Supp. 2d 557, 566 (S.D. Miss. 2005). A state's role under § 271 is "limited" to
"issuing a recommendation" regarding a § 271 application, and a state commission
may not "parlay [its] limited role" into the authority to impose substantive
requirements exclusively the prerogative of the FCC. Indiana Bell Tel. Co. v. Indiana
Util. Regulatory Comm'n, 359 F.3d 493, 497 (7th Cir. 2004).
"The contrast [between the language in §§ 251, 252, and 271] confirms that
when Congress envisaged state commission power to implement the statute, it knew
how to provide for it." Verizon New England, Inc., 509 F.3d at 7. Accordingly, we
join those federal courts which have concluded the FCC has exclusive jurisdiction
over § 271. See, e.g., Id. at 7-8 (noting the majority of federal courts and state public
service commissions treat § 271 as within the exclusive authority of the FCC); Indiana
Bell Tel. Co., 359 F.3d at 495 ("The Act reserves to the FCC the authority to decide
whether to grant a section 271 application.").
-11-
III
In its cross-appeal, SBC argues the district court erred in affirming the MPSC's
order holding CLECs are entitled to access SBC's entrance facilities for
interconnection purposes at TELRIC rates. SBC argues the order conflicts with FCC
rulings holding CLECs are no longer impaired with respect to entrance facilities and
not entitled to them as UNEs.
The MPSC acknowledged the FCC's ruling stating CLECs are not entitled to
entrance facilities as UNEs, but required SBC to allow access pursuant to § 251(c)(2),
which requires ILECs to provide interconnection to CLECs. The District Court
concluded the MPSC's order correctly implemented the FCC's rulings. Further, it
rejected SBC's argument the FCC only requires an ILEC to allow CLECs to
interconnect with its network but does not require it to lease the interconnection
facilities themselves.
The FCC has held CLECs are not impaired without access to entrance facilities
and are not entitled to entrance facilities as UNEs under § 251(c)(3). The FCC's
finding of non-impairment does not, however, alter the right of CLECs to obtain
interconnection facilities pursuant to § 251(c)(2) for transmission and routing of
telephone exchange service and exchange access service, i.e., CLEC to ILEC and
ILEC to CLEC traffic. The FCC determined when a CLEC uses entrance facilities to
carry traffic to and from its own end users, i.e., backhauling or CLEC to CLEC, the
CLEC is not entitled to obtain entrance facilities as UNEs at TELRIC rates. If a
CLEC needs entrance facilities to interconnect with an ILEC's network, it has the right
to obtain such facilities from the ILEC. Thus, CLECs must be provided access at
TELRIC rates if necessary to interconnect with the ILEC's network. See Illinois Bell
Tel. Co. v. Box, Nos. 07-3557, 07-3683, 2008 WL 2151573, at 2-3 (7th Cir. May 23,
2008).
-12-
Additionally, "interconnection" means the physical linking of two networks for
the mutual exchange of traffic. The term "interconnect" refers to "'facilities and
equipment,' not to the provision of any service." AT&T Corp. v. FCC, 317 F.3d 227,
234-35 (D.C. Cir. 2003) (interpreting the term interconnect in § 251(a)(1)); see
Competitive Telecomms Ass'n v. FCC, 117 F.3d 1068, 1072 (8th Cir. 1997) (stating
interconnection as used in § 251(c)(2) means "a physical link between the equipment
of the carrier seeking interconnection and the LEC's network.").

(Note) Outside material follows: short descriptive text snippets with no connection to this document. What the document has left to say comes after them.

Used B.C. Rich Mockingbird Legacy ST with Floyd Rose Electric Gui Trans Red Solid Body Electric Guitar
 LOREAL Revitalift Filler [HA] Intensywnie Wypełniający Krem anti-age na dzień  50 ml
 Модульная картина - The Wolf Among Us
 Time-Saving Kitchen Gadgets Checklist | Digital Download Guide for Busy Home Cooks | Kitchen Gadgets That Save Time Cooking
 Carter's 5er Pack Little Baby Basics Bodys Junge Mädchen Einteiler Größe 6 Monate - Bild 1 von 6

The MPSC found, and the district court agreed, the entrance facilities requested
by the CLECs would be used solely for interconnection purposes within the meaning
of § 251(c)(2). Nothing in the record suggests the finding was arbitrary or capricious.
Further, the district court correctly concluded SBC was required to provide a physical
link to CLECs for access to its entrance facilities as necessary for interconnection at
TELRIC rates.
IV
The judgment of the district court is affirmed.